I'd Like to Introduce My Friend, Commissioning

I recently introduced commissioning to a project team consisting of the owner, the construction manager, and the design engineers. This was at approximately the design development stage of the project, and in order to coordinate the quality control activities (e.g., installation, startup, and equipment testing) with the systems-based commissioning activities, I asked questions about the plans for construction-phase quality control. The answers were disappointingly vague, especially from an experienced and reputable construction management firm. (CM) The questions included the following:

  • How will equipment and component tests specified in Divisions 15 and 16 (pipe pressure tests, duct leakage tests, etc.) be tracked, witnessed, and documented?
  • How will the requirement that equipment startup be performed per the manufacturers' recommendations be monitored, enforced, and documented?
  • How will the mechanical contractor, TAB contractor, and controls contractor work be efficiently coordinated sufficiently ahead of project completion to ensure that systems operate as required prior to commissioning verification testing and building turnover?

All of these are normally specified subcontractor activities that a construction manager is typically responsible for overseeing. They are also critical incremental steps in the process of achieving the desired systems operation at the end of the project. Without following these steps to make sure that the components of systems perform properly, the systems themselves are less likely to perform when the components are called upon to operate together.

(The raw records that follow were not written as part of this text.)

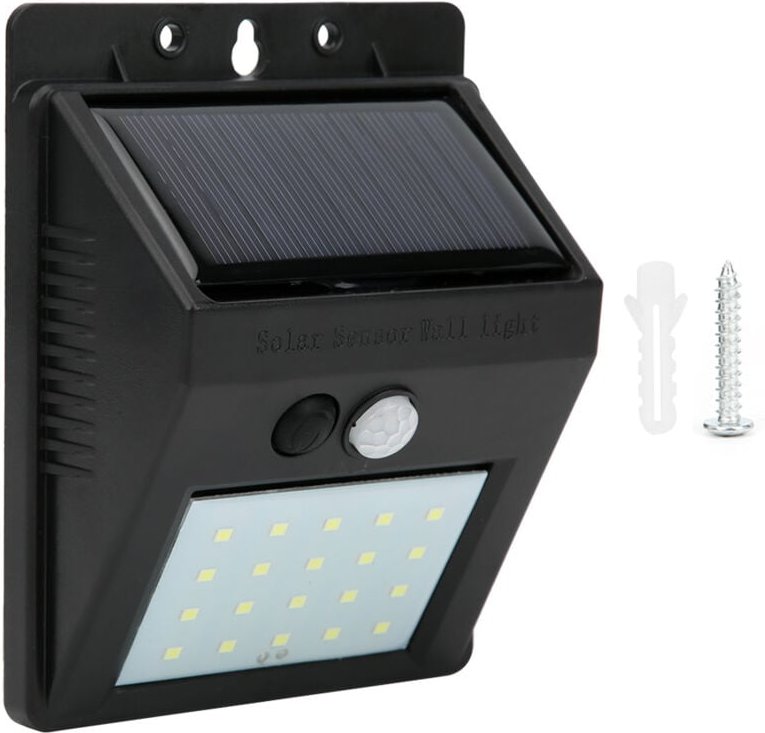 Solarbetriebene Wandleuchte, 20 LEDs, Außenleuchte mit Solarinduktion für Höfe, Wege, Veranden und Gärten, wasserdicht, ...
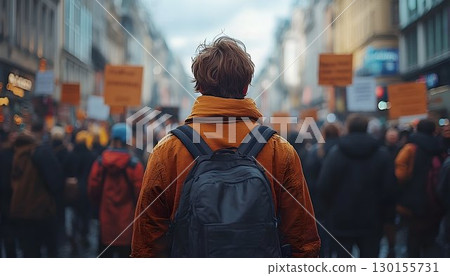 Anonymous young man marching with protestors through city streets united in purpose Anonymous young man marching with protestors through city streets united in purpose 130155731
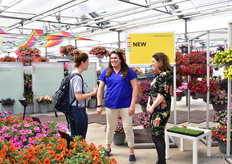 Felici Van der Velde (in the Middle) of PanAmerican Seed talking with Brigitte Verheij-Verkaar of Schoneveld and Saskia Bakker of Florist Breeding, who were both visiting the location of Ball Horticultural. 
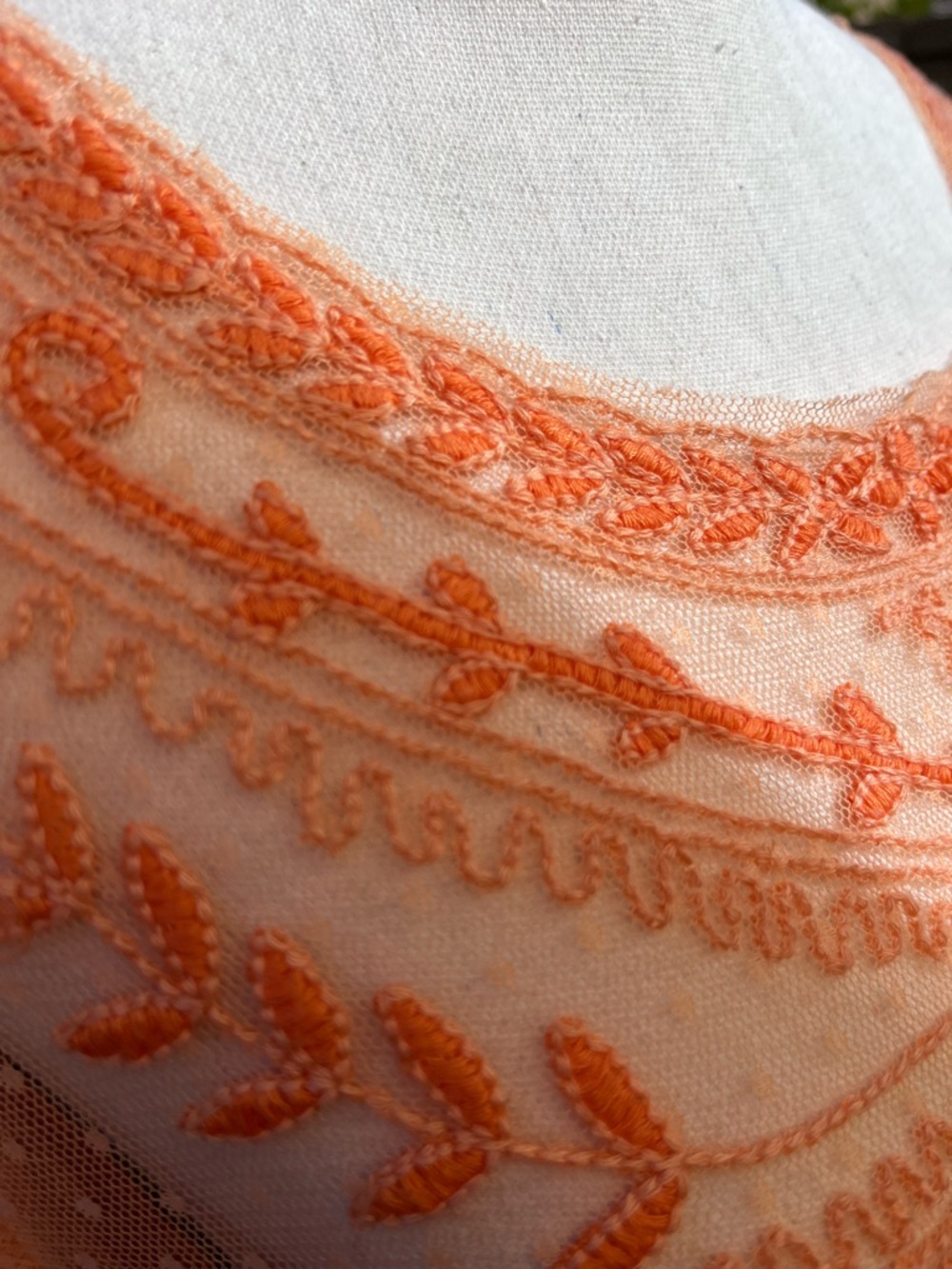 Retro Free People Peach Embroidered Boho Tunic Top 100% ryon - Picture 8 of 15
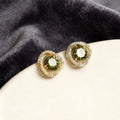 French Retro Geometric Olive Green Stud Earrings, Elegant Sparkling Banquet Style Jewelry view 2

Who's Responsible for Quality Control?

In the commissioning meeting mentioned above, the representative from the CM firm struggled to explain a definitive program for quality control. He was adamant, though, about how difficult the fast-track building renovation was going to be and how his efforts needed to be spent meeting the schedule.

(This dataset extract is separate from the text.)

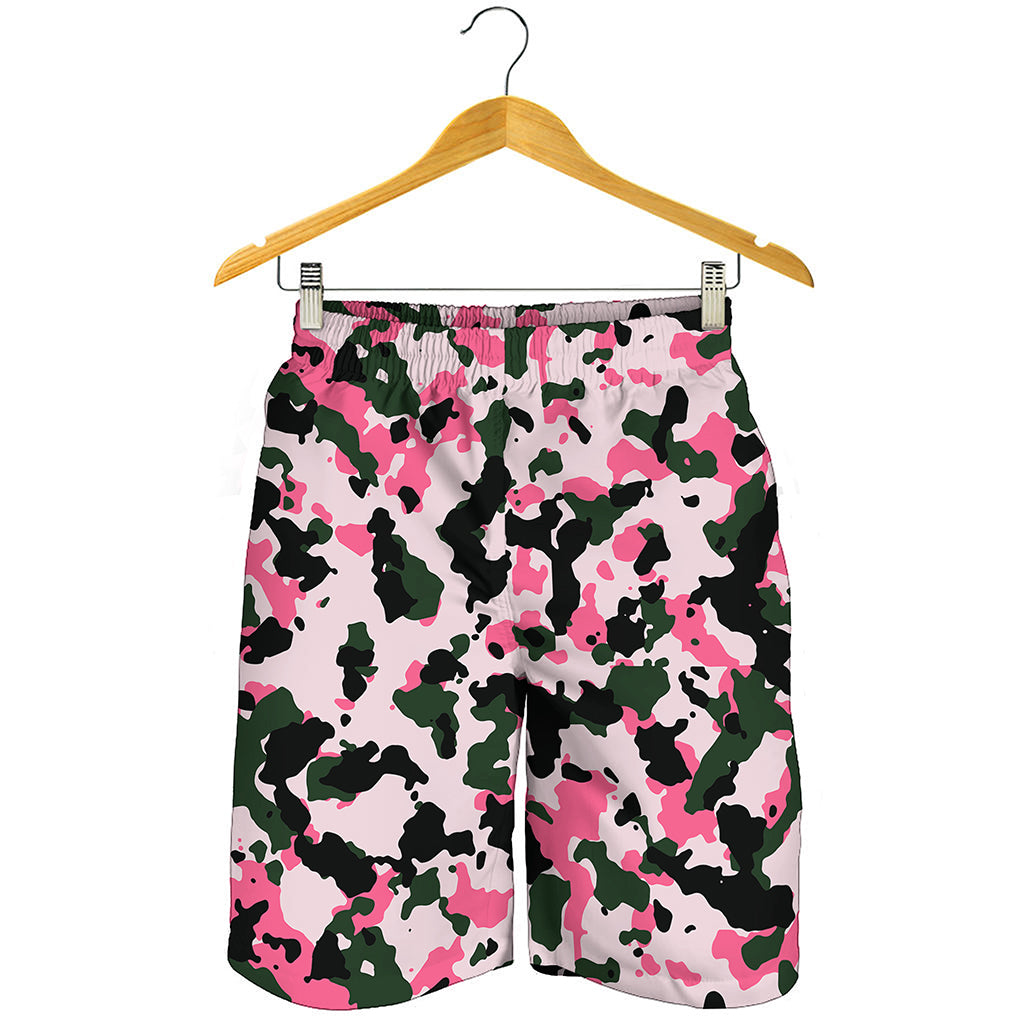 Pink Green And Black Camouflage Print Men's Shorts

He essentially said that there wasn't time to plan those details and that they would be worked out in the field. When asked who would be responsible for quality control, he wasn't sure and noted that the project wasn't big enough to warrant a full-time quality manager. I interpreted that to mean that the quality control aspects were given very little thought and would probably be delegated to someone with other full-time responsibilities on the construction site. From a commissioning perspective, that was worrisome, because without contrators providing the requisite quality control checks along the way, the verification testing at the end of construction will be the "gate" at which quality control issues are discovered - a point too late in the process for smooth and inexpensive resolution of those problems.

Planning for Success

Why is it that there isn't time to plan quality control activities, responsibilities, and documentation processes at the beginning of a project, but there's always time to address quality control failures at the end of the job? Or is there? Maybe the contractors' experiences have been that when quality control problems are found at the end of construction, the owner doesn't have the appetite to enforce their correction, the owner's move-in schedule doesn't allow time for backing up and correcting the problems, and/or the responsibility for the problems is vague enough that no one is contractually held responsible. Unfortunately, these scenarios are more common than not and typically result in nonperforming buildings being turned over to the owner's operations staff to figure out.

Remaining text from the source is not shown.